Top of Material provided
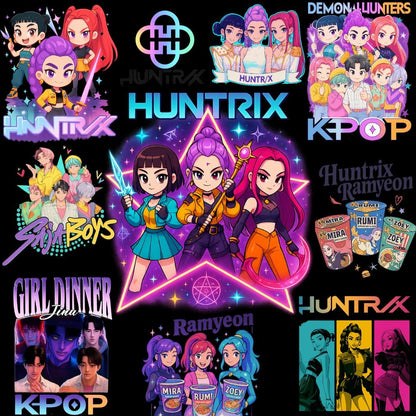 Kpop cartoon design bundle png, cute idol artwork bundle png, trending fan art style bundle png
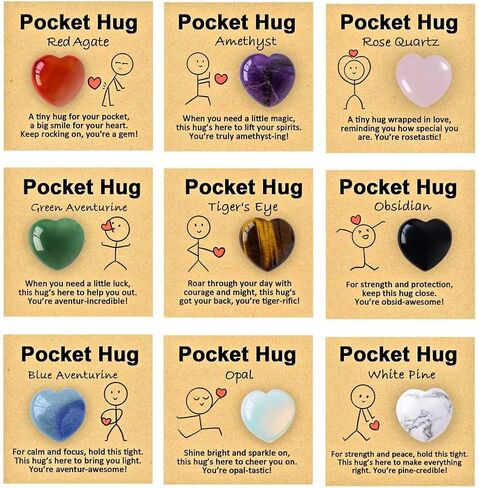 رمز قلب عناق الجيب، 9 قطع من البلورات وأحجار الشفاء مع البطاقات، هدايا ملهمة صغيرة الحجم، هدايا عيد الميلاد وعيد الحب لزملاء العمل والموظفين in Kuwait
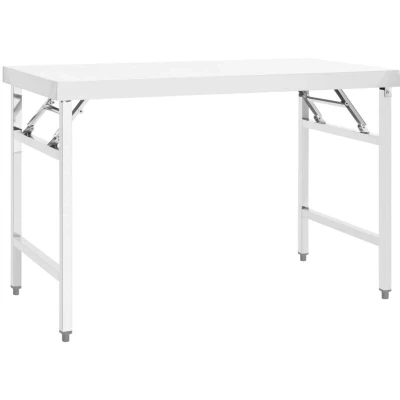 Image of vidaXL Kitchen Folding Work Table 120x60x80 cm Stainless Steel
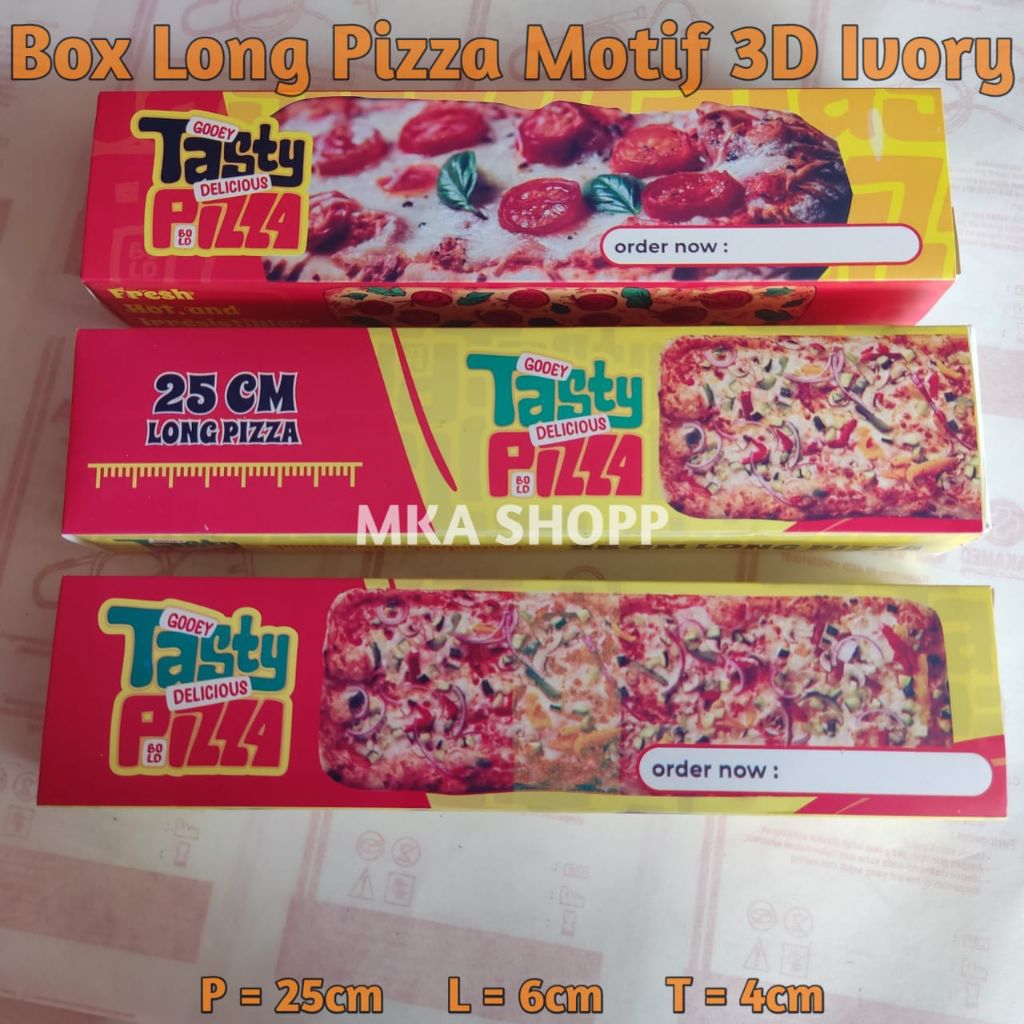 100 lembar Box Long Pizza Motif 3D Ivory Ukuran 25×6×4 cm / Kardus Tasty Pizza / Wadah Pizza Panjang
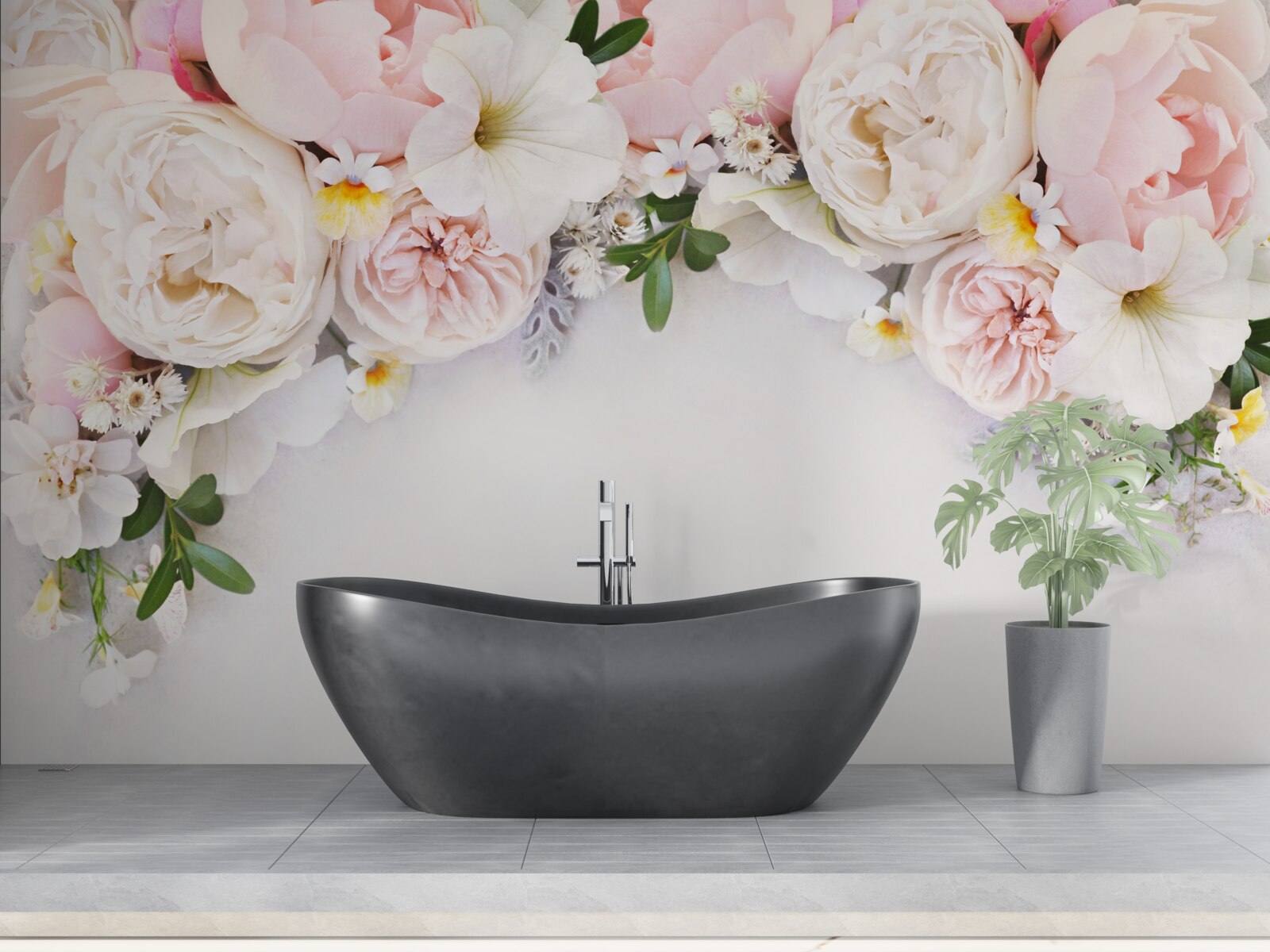 Фотошпалери гілка великих півоній світло-рожевого кольору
Bottom of Material provided
Problem statement: Pictures in the records must not appear in the copy; transcribe everything else precisely.

Result of the exercise:
 Kpop cartoon design bundle png, cute idol artwork bundle png, trending fan art style bundle png
 رمز قلب عناق الجيب، 9 قطع من البلورات وأحجار الشفاء مع البطاقات، هدايا ملهمة صغيرة الحجم، هدايا عيد الميلاد وعيد الحب لزملاء العمل والموظفين in Kuwait
 Image of vidaXL Kitchen Folding Work Table 120x60x80 cm Stainless Steel
 100 lembar Box Long Pizza Motif 3D Ivory Ukuran 25×6×4 cm / Kardus Tasty Pizza / Wadah Pizza Panjang
 Фотошпалери гілка великих півоній світло-рожевого кольору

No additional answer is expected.